Ce qu’il faut savoir: le risque existe si le permis a été établi dans le cadre d’un regroupement familial. Mais les exceptions sont nombreuses et dépendent du canton, de la durée du séjour en Suisse, de l’âge et du permis des enfants, ou, – encore –, du degré d’intégration et de l’indépendance financière. Les consultations juridiques en lien avec les permis de séjour ne sont pas prises en charge dans tous les cantons. En revanche, les Centres d’aide aux victimes peuvent aiguiller ces personnes vers des juristes spécialisés.
La pandémie complique la tâche des Centres d’aide aux victimes, les personnes qui souffrent de maltraitances pourraient craindre de ne pas pouvoir recevoir l’aide recherchée.

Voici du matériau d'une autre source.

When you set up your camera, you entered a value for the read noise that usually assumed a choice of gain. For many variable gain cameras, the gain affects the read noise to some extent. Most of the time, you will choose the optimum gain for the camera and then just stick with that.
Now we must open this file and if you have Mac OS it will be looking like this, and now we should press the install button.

Ce qu’il faut savoir: jusqu’à présent, les structures d’accueil ont toujours trouvé une solution pour chaque demande d’hébergement d’urgence. Si une maison d’accueil affiche complet, les victimes peuvent, par exemple, être placées dans d’autres cantons. Myriame Zufferey souligne que certaines personnes préfèrent même une distance plus grande, qui leur donne un plus grand sentiment de sécurité, pour autant que leur situation professionnelle et la scolarisation de leurs enfants le permettent.

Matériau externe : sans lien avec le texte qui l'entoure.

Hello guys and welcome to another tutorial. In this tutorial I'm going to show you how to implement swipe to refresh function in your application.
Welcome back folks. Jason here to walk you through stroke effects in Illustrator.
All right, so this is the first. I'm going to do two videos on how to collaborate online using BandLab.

Le fait d’avoir été testé positif au coronavirus ou de devoir rester en quarantaine ne doit pas être un frein.
Ce qu’il faut savoir: même une personne testée positive au coronavirus ou placée en quarantaine peut demander de l’aide. Les maisons d’accueil ont fait d’importantes démarches d’organisation afin de créer des places pour ces personnes. Certaines ont désigné un secteur pour accueillir les malades, d’autres, comme à Bienne, ont des collaborations avec des structures externes.
Quitter son logement n’est pas une fatalité pour une victime qui veut sortir d’une situation de violences domestiques. Le Code civil suisse prévoit plusieurs mesures de protection.

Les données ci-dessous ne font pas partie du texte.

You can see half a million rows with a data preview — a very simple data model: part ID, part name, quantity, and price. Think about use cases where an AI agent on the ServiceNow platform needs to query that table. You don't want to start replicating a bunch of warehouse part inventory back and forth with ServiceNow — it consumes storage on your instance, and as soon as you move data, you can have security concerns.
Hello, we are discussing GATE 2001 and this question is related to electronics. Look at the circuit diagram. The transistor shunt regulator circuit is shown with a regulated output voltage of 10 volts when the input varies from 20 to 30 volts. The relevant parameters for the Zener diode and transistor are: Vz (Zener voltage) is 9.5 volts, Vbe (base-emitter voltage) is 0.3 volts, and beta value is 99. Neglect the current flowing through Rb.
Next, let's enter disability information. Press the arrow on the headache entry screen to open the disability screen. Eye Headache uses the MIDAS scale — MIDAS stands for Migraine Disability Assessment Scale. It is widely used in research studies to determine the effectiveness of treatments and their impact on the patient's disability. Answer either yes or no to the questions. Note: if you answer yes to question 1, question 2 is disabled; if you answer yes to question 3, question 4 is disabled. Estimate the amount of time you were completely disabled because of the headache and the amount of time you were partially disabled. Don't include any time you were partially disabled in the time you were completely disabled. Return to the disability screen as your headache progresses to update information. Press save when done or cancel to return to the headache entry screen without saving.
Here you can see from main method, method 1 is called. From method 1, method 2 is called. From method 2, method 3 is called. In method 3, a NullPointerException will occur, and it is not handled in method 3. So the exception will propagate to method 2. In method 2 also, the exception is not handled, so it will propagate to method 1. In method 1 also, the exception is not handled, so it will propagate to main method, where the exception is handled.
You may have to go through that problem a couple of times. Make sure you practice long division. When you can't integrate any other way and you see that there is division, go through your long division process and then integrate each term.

Ce qu’il faut savoir: la victime qui vit sous le même toit que son agresseur peut s’adresser à la police pour demander son expulsion pour une durée déterminée. Cette durée est définie au niveau cantonal. Par exemple, pour Vaud, c’est au maximum 14 jours ou 30 jours à Genève.
En cas de séparation d’un couple marié, le conjoint peut demander au juge, par le biais des mesures protectrices de l’union conjugale, de se voir attribuer rapidement le logement de famille.
Sandra Porchet
Où demander de l’aide?
Pour les victimes:
Le site internet aide-aux-victimes.ch répertorie tous les bureaux de consultation LAVI en Suisse.
Le site frauenhaus-schweiz.ch liste les contacts des associations gérant les maisons d’accueil de Suisse.
Les deux sites donnent de nombreuses informations sur les droits des victimes.
Pour les auteurs de violences qui veulent s’en sortir:
L’Association professionnelle suisse de consultations contre la violence (APSCV) répertorie les organisations cantonales qui proposent de l’aide: apscv.ch/services.html
Pour les voisins:
Les voisins ont également un rôle à jouer, souligne Myriame Zufferey. Si vous entendez des appels à l’aide, appelez la police. Si vous soupçonnez des maltraitances, mais n’êtes pas sûrs de la meilleure façon d’aider, les Centres d’aide aux victimes peuvent aussi vous conseiller.
Plateforme générale:
Que vous soyez victime, auteur ou témoin: la plateforme violencequefaire.ch peut vous aider. Elle liste les points de contact en Suisse romande. On peut aussi y poser des questions en créant un compte anonyme sur le site. Les questions sont transmises aux professionnels adéquats qui répondent dans les trois jours.